Enfin, terminons, même s’il s’agit de la première scène (et vidéo) de la production, par l’introduction de l’opéra présenté comme une scène d’amour lesbien entre Véronique Gens (la Maréchale) et Niamh O’Sullivan (Octavian). Car s’il y a une idée véritablement originale que Warlikowski mène à son terme, c’est celle de la question du genre dans l’opéra. Il part du fait qu’en 1911, les rôles travestis n’avaient plus vraiment les faveurs des scènes d’opéra, et que Strauss et Hofmannsthal ont probablement joué des ambiguïtés générées par les aventures sexuelles (voire amoureuses) de la Maréchale et d’Octavian. On peut ainsi voir un clin d’œil au Victor-Victoria Blake Edwards alors qu’Octavian qui, par convention opératique, est une femme qui incarne un homme pourrait tout aussi bien être une femme, déguisée en homme, qui délaisse une femme âgée pour finir dans les bras d’une jeune femme. Les ambiguïtés de la première scène et de la dernière provoquent de fait un trouble intéressant lié à une mise en abyme.
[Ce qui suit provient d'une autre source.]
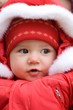 little girl wearing a red jacket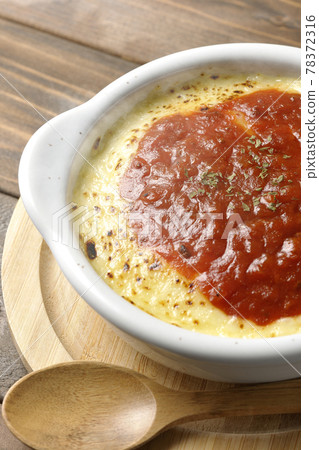 Hot doria, gratin and wooden spoon with plenty of melted and browned cheese placed on a pan Hot doria, gratin and wooden spoon with plenty of melted and browned cheese placed on a pan 78372316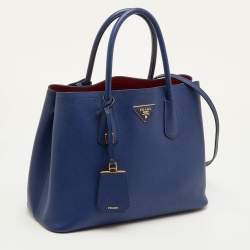 مملوكة مسبقًا حقيبة يد توتس برادا جلد سافيانو كوير صغير ذو مقبض مزدوج باللون الأزرق الداكن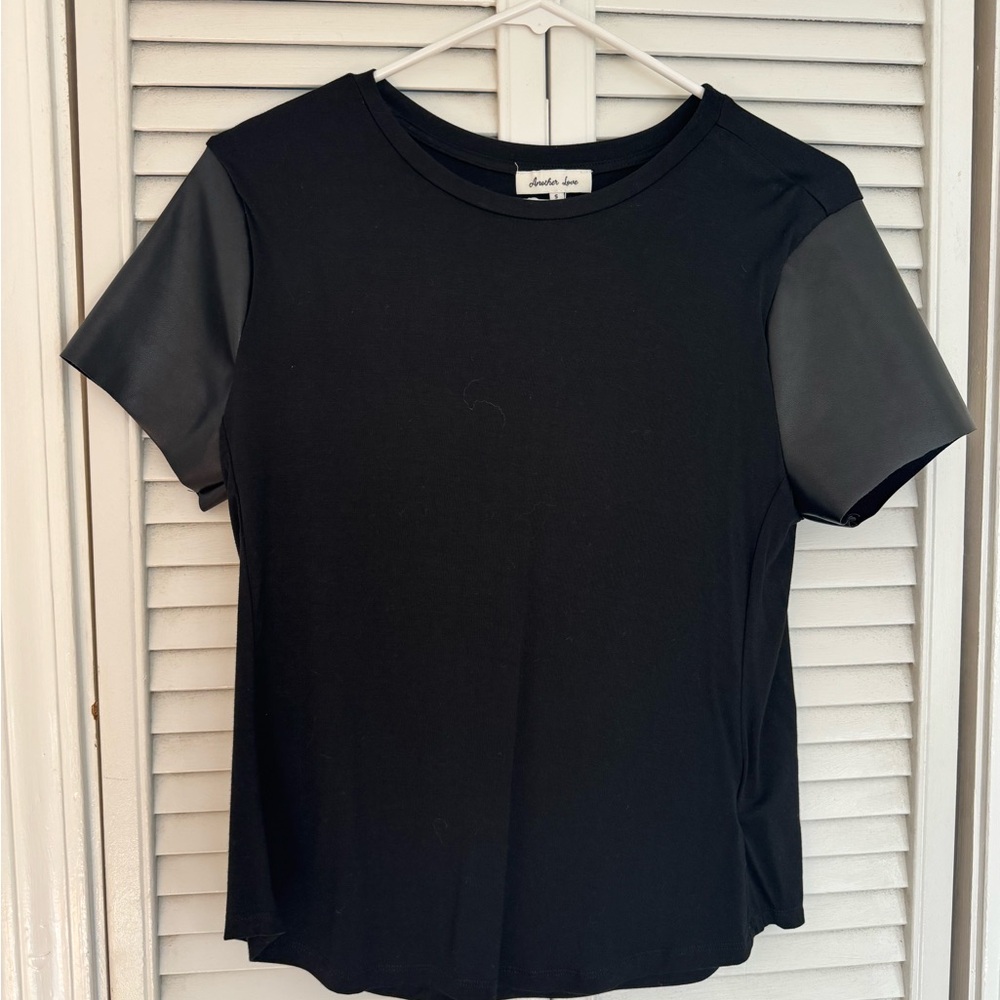 Cute black, dressy tea with faux leather sleeves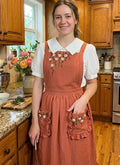A woman wearing a rust ruffled linen apron with white floral embroidery in a kitchen — hand-embroidered by The Thread Nest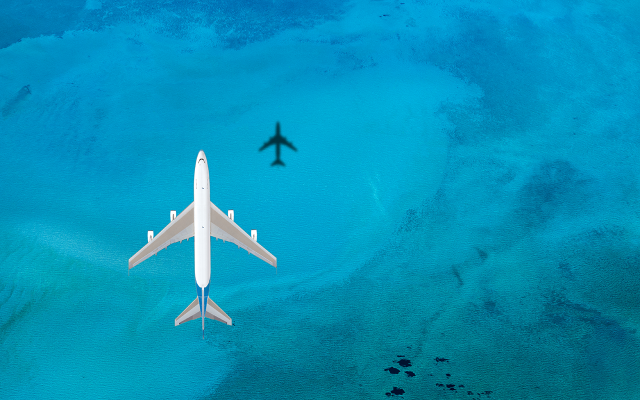 White passenger jet and its shadow soaring above clear turquoise ocean waters.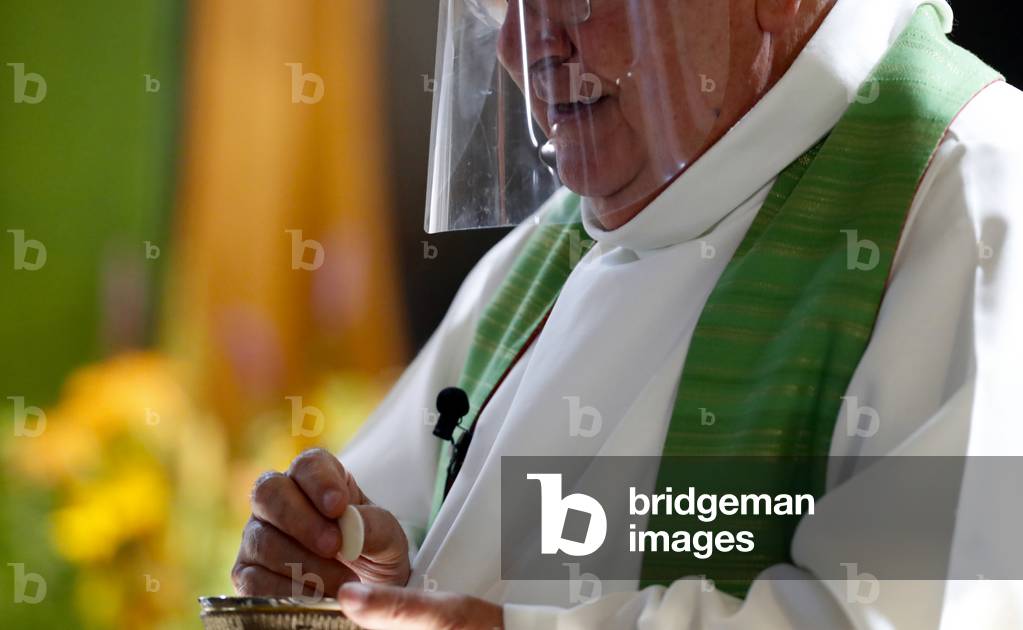 Catholic church during covid-19 epidemic. Sunday mass. Priest giving Holy Communion.  France.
Ses qualités soulignées, l’on doit aussi indiquer que les scènes où apparaissent les nombreux figurants sont assez confuses (notamment celles au premier et au troisième actes), que le côté « revue nègre » est un peu anachronique, et que la scène burlesque dans laquelle Francesco Demuro prend un malin plaisir à en faire des tonnes en maillots de bain rouge moulant flashy tombe totalement comme les cheveux sur la soupe… Enfin présenter la Maréchale comme une femme dépressive (qui ici espionne son amant) n’est guère original, car Strauss et Hofmannsthal semblaient avoir déjà tout dit avec l’air du premier acte « Da Geht Er Hin ».
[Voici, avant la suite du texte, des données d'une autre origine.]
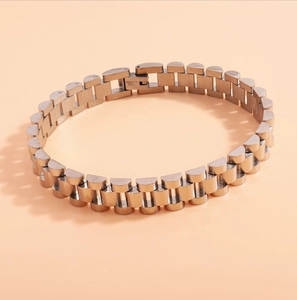 Detailed close-up of golden stainless steel watchband style bracelet with fold-over clasp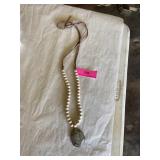 Leather strand necklace with light cream stone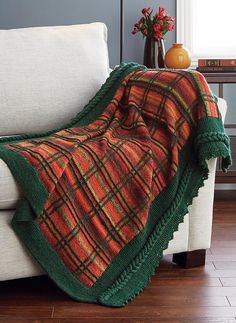 a couch with a blanket on top of it next to a vase filled with flowers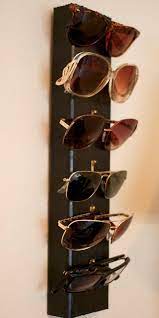 Based on your adjustment of the cord, the glasses can either dangle on your chest, or be held snugly to the face. 12 Diy Sunglasses Holders To Keep Your Sunnies Organized Diy Ideas Diy Sunglasses Sunglasses Storage Diy Diy Sunglasses Holder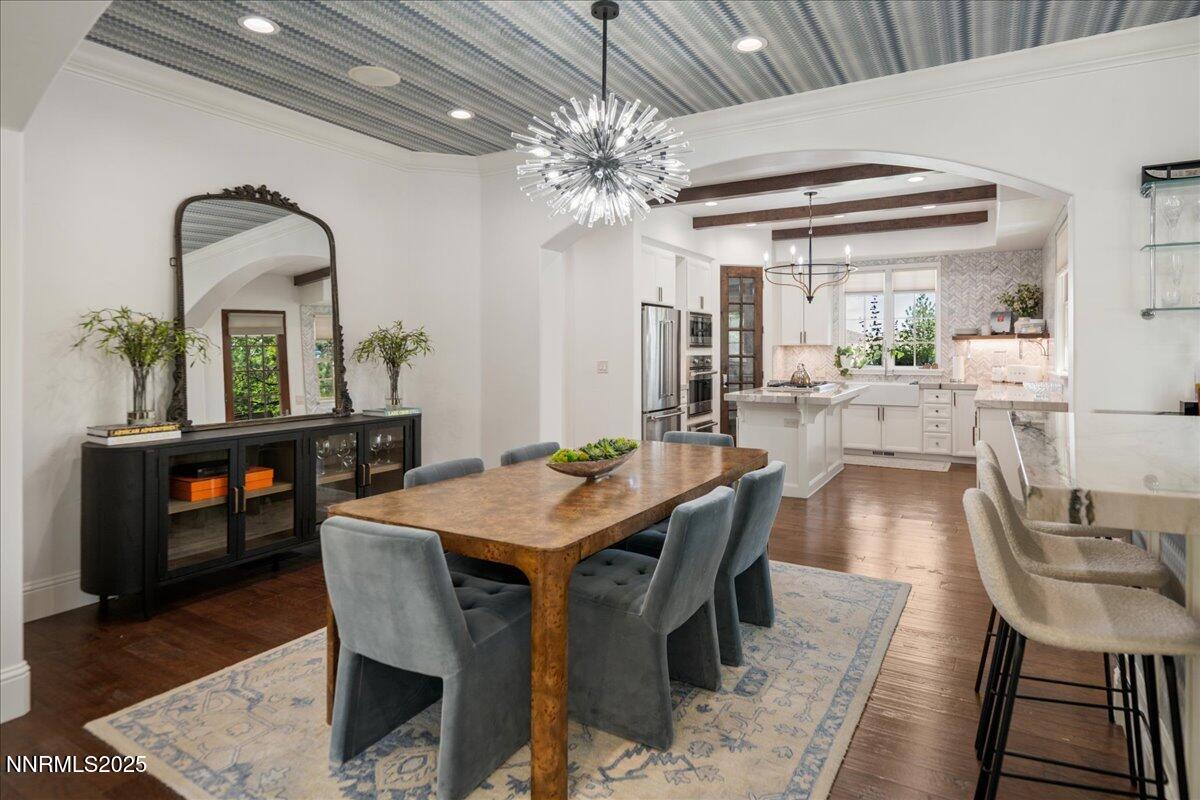6360 Wetzel Court Reno, NV 89511 - Photo 12 of 43 a view of a dining room with furniture window and wooden floor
Une autre part de déception a été une direction d’Henrik Nánási souvent sèche, qui a peiné à faire ressortir les indéfinissables beautés de la partition de Strauss qui, il est vrai, ne trouvait pas toujours d’illustrations visuelles puisque le choix était de s’affranchir des origines viennoises de l’opéra.
Finalement, les principales satisfactions de ce Rosenkavalier sont venues de la distribution : si Véronique Gens n’a peut-être pas une ampleur considérable, elle se fond vocalement et physiquement dans la noblesse propre à la Maréchale. Niamh O’Sullivan (Octavian) et Regula Mühlemann (Sophie) incarnent parfaitement, avec leurs contrastes de voix, les deux tourtereaux en éveil à l’amour, et Peter Rose, il est vrai parfois un peu fatigué, mais toujours pertinent, donne toute sa truculence au Baron Ochs von Lerchenau. On ne se plaindra enfin pas que ce quatuor soit complété par le Faninal sonore et hypervitaminé de Jean-Sébastien Bou.
La dernière production de Michel Franck n’aura pas été la réussite attendue, mais il en a eu tellement à son actif que l’on s’en remettra aisément.